Brazil is still shaken by social unrest that saw hundreds of thousands of protesters demand an end to corruption and better public services last month, and many demonstrators are now criticizing the estimated $53 million that will be spent on security during the Pope’s visit. In anticipation of more protests this week, the Defense Ministry boosted the number of army, air force and navy personnel and rolled out what state officials called “the biggest police operation in (Rio de Janeiro’s) history.” Even so, security might be problematic as the Pope plans to ride through the center of the city in an open-air vehicle, instead of the traditional bulletproof popemobile.
Pope Francis’ visit also comes at a delicate time for the Catholic Church in Brazil. Though Brazil is home to the world’s largest Catholic community—an estimated 123 million—Catholicism has been challenged by the country’s surging Evangelical population in the past three decades. Today, about 65 percent of the total population—compared with 92 percent in 1970—identifies as Catholic. In contrast, the number of evangelicals has risen from 5 percent of the population in 1970 to 22 percent in 2010. Rio de Janeiro is the country’s least Catholic state, with 45 percent of the population identifying as Catholic, according to the newspaper O Globo.

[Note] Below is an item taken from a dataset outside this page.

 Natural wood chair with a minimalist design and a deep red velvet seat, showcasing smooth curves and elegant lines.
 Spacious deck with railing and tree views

The Pope's weeklong visit has drawn over one million young Catholics to Rio de Janeiro. The pontiff will visit the Shrine of Our Lady of Aparecida— Brazil’s top pilgrimage site. He will also tour the Varginha favela in Rio, meet young inmates and hold three public Masses. The theme of the July 23-28 World Youth Day is “Go and make disciples of all nations,” a saying that summarizes the Pope’s mission to reinvigorate Brazil’s Catholic community.
February 13, 2013
This week’s announcement that Pope Benedict XVI has resigned and will relinquish his official papal duties at the end of the month has brought into relief the important role of the Catholic Church in Latin America, and the important role of Latin America in the Catholic Church. Home to over 40 percent of the world’s Catholics, some Latin Americans are suggesting that the next Pope to be elected should—for the first time in history—come from outside Europe and, specifically, that he should come from Latin America.

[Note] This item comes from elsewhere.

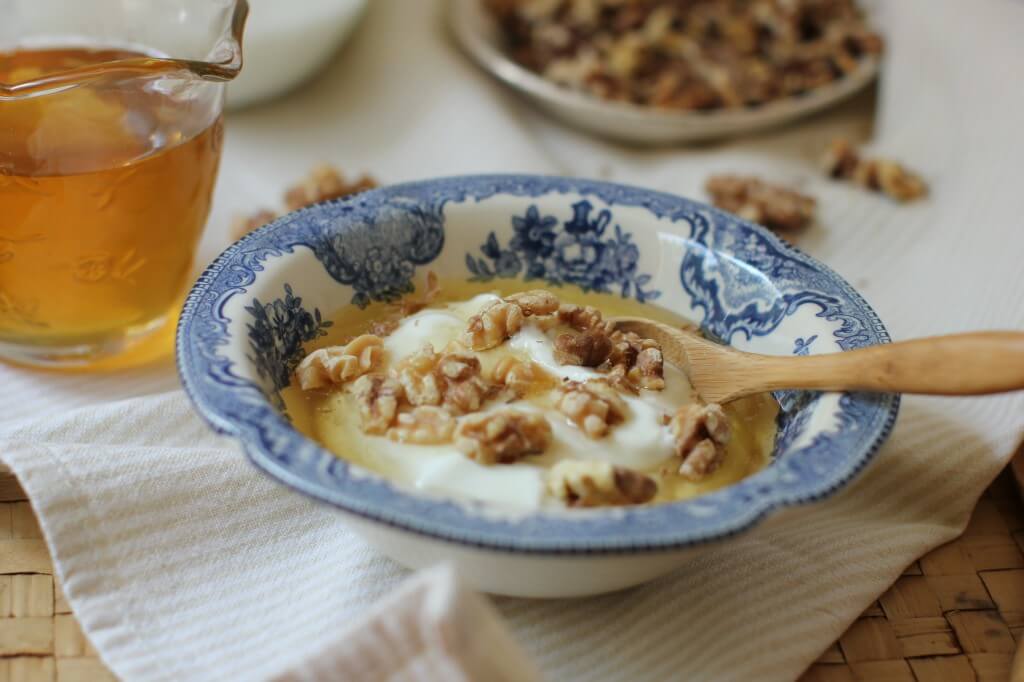 Greek Yogurt with nuts and honey in a bowl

Whatever the merits arguing in favor of a geographic approach to Church leadership, the discussion highlights an important point: increasingly, the vibrancy of the Catholic Church is coming not from its traditional base in Europe and North America, but from developing regions of the world.
Much as a shift in broader global governance is underway, with power diversifying from north to south, this pattern is being repeated in the religious sphere as well—not just in the Catholic Church, but even more so in Protestant evangelical churches.

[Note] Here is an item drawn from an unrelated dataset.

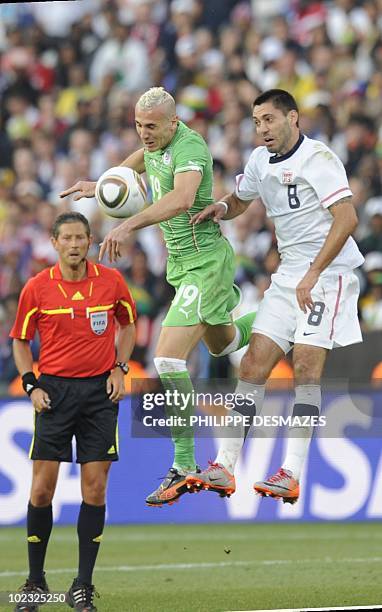 Algeria's midfielder Hassan Yebda fights for the ball with US midfielder Clint Dempsey as Belgian referee Frank De Bleeckere looks on during their...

For years, the growing influence of evangelicals across Latin America has been noted by observers. Adherents have multiplied dramatically, building on a base established primarily but not exclusively from North American missionaries working within the region. But the pattern of evangelization is rapidly changing. In fact, according to Dr. Rodolfo Girón, for many years a pioneer in Latin American missions, the mentality of Latin American evangelical churches is changing from being receivers of missionaries to being senders of missionaries.